### Prompt
When you reach the line with "Cartão Aviso 60º" in the listing below, transcribe it and each line after it up to and including the line with "Avicii, Benny Andersson, &", exactly and with nothing else.

=======

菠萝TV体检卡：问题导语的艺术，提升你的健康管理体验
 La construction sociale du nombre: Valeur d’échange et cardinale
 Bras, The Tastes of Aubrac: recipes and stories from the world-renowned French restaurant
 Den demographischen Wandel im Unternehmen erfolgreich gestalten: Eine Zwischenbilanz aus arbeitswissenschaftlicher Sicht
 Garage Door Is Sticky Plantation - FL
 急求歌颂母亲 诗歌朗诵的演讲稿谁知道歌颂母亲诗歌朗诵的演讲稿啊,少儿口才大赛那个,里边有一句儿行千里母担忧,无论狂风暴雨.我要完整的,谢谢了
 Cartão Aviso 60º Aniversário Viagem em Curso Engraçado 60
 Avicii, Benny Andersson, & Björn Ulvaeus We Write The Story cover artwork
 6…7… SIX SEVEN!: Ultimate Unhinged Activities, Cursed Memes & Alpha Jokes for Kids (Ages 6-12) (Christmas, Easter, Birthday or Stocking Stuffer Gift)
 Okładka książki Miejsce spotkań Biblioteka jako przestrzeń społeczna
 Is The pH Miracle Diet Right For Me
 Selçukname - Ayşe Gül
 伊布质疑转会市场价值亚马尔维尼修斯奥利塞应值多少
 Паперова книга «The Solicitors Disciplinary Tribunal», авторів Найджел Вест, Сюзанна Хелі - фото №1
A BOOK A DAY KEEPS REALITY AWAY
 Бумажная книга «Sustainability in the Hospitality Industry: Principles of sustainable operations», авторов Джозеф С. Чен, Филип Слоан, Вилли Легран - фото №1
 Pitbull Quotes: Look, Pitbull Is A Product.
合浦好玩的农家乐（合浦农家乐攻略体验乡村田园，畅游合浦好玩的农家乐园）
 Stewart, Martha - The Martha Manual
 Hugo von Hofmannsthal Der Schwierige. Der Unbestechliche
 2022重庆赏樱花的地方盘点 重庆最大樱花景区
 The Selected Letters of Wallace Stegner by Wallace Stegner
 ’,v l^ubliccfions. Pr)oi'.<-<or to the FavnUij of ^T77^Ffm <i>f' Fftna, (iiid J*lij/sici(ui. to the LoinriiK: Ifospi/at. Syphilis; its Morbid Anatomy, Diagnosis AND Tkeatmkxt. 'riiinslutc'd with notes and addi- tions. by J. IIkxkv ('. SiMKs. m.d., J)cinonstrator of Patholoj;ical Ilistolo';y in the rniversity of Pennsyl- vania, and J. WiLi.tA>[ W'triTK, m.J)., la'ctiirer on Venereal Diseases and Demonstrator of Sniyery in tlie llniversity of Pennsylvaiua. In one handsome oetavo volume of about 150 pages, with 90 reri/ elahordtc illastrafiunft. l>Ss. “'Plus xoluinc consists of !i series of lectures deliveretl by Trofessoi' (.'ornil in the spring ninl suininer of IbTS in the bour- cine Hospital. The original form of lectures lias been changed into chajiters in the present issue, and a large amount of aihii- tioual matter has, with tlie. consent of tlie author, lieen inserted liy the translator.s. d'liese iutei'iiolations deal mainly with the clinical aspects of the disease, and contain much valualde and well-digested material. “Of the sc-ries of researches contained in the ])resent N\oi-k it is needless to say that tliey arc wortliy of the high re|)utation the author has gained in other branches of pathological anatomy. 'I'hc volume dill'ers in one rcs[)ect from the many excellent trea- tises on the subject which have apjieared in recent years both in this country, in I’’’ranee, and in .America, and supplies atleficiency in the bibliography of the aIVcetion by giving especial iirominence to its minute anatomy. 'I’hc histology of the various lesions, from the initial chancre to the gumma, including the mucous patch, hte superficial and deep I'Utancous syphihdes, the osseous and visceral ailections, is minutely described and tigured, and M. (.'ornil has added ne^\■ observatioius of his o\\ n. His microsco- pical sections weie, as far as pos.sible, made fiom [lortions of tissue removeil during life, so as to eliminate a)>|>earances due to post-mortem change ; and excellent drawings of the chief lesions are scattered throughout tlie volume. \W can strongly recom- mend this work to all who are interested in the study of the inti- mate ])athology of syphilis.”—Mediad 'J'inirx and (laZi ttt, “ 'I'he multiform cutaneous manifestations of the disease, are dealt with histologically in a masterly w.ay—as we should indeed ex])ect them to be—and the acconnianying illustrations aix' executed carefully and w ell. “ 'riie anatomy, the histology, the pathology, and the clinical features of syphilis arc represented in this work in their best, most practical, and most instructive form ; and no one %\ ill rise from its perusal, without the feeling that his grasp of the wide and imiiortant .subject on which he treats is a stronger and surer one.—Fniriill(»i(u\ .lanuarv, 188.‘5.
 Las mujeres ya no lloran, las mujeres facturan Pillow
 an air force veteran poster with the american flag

=======

### Written solution
 Cartão Aviso 60º Aniversário Viagem em Curso Engraçado 60
 Avicii, Benny Andersson, & Björn Ulvaeus We Write The Story cover artwork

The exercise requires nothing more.